Это деление ещё Вознесенский обнародовал когда-то, когда говорил, что бывают поэты дневные и поэты ночные (Пушкин — дневной, Лермонтов — ночной). А ещё раньше об этом же писал Георгий Иванов, и об этом же писал Ходасевич, и Георгий Адамович, говоря, что «ночной Лермонтов нам сегодня ближе дневного и солнечного Пушкина». Но я бы не стал… Ну а Некрасова куда вы денете? Некрасова, у которого были и ужасные приступы ипохондрии, а были, наоборот (это такой МДП в чистом виде, как это сегодня называют, биполярный синдром, маниакально-депрессивный синдром), периоды абсолютной жизнерадостности и, я бы сказал, ликования. Тут очень трудно делить.

Другое дело, что есть некая доминирующая нота, конечно. Уж во всяком случае Рыжего я не стал бы вписывать в поэты ночные, потому что он как раз поэт очарования мира, поэт такого лёгкого опьянения. У него есть чрезвычайно драматические тексты (как есть они и у Есенина, как есть они и у Гумилёва), но есть, по-моему, и вполне ликующие. Иное дело, что Блок… Бродский вообще стоит здесь наособицу, потому что, как правильно кто-то заметил, «Бродский декларирует своё жизнеотрицание с таким напором, что это превращается уже в жизнеутверджение». Так что деление это не ново, но весьма условно.

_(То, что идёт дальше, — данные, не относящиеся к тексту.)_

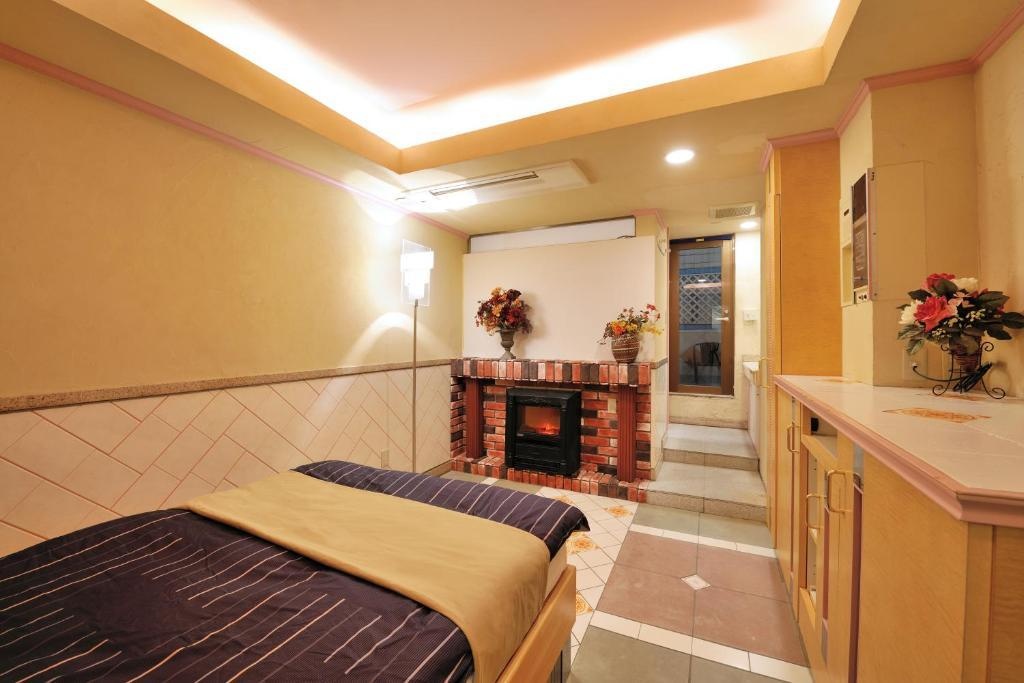 Khaosan World Asakusa Ryokan & Hostel 사진 10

Д.Быков: Многописание Акунина — это абсолютное ничто по сравнению с продуктивностью Дарьи Донцовой

«Из ваших стихотворений моё любимое — «Утреннее размышление…». Спасибо большое. Я тоже люблю это стихотворение. Имеется в виду «Утреннее размышление о Божием величестве», которое такой «наш ответ Ломоносову».

«Нравится ли вам фильм «День сурка»? Да, весьма.

«Вы когда-нибудь ловили рыбу? И что вообще думаете об этом занятии как о способе внутренней эмиграции? Станислав».

Станислав, есть хорошая английская книжка (я не вспомню сейчас её название) — учебник по рыболовству, который является одновременно, как и многие книги о рыболовстве, блистательным образцом английской прозы. Такой образец русской прозы — «Заметки об ужении рыбы» Аксакова — тоже всегда меня восхищал. Я рыбу не ловлю, потому что как-то мне её жалко, и процесс её снимания с крючка довольно неприятен. Я понимаю, что есть я её люблю (и, наверное, это с моей стороны определённая непоследовательность), но ловить не люблю. Другое дело, что я люблю смотреть, как её ловят. Это очень азартное занятие. И многие люди, мне близкие и бесконечно мной любимые — прекрасные ловцы, прекрасные рыбаки, очень профессиональные.

Другое дело, что выслушивать профессиональные разговоры рыбаков о рыбалке — дело довольно скучное. Они об этом говорят, как охотники, с таким же замечательным упоением и азартом, а людям сторонним это скучно — бесконечное обсуждение наживки, «самодура», «самовара» (забыл уже, как это всё называется). Но посмотреть на это я всегда любил. Когда я ещё ездил в Крым, мне очень нравились выходы на утреннюю рыбалку с замечательным начальником гурзуфской лодочной станции Серёжей. Привет тебе, Серёжа, если ты меня сейчас слышишь. И восхищали меня байки, которые там рассказывались, и восхищала меня Таврида.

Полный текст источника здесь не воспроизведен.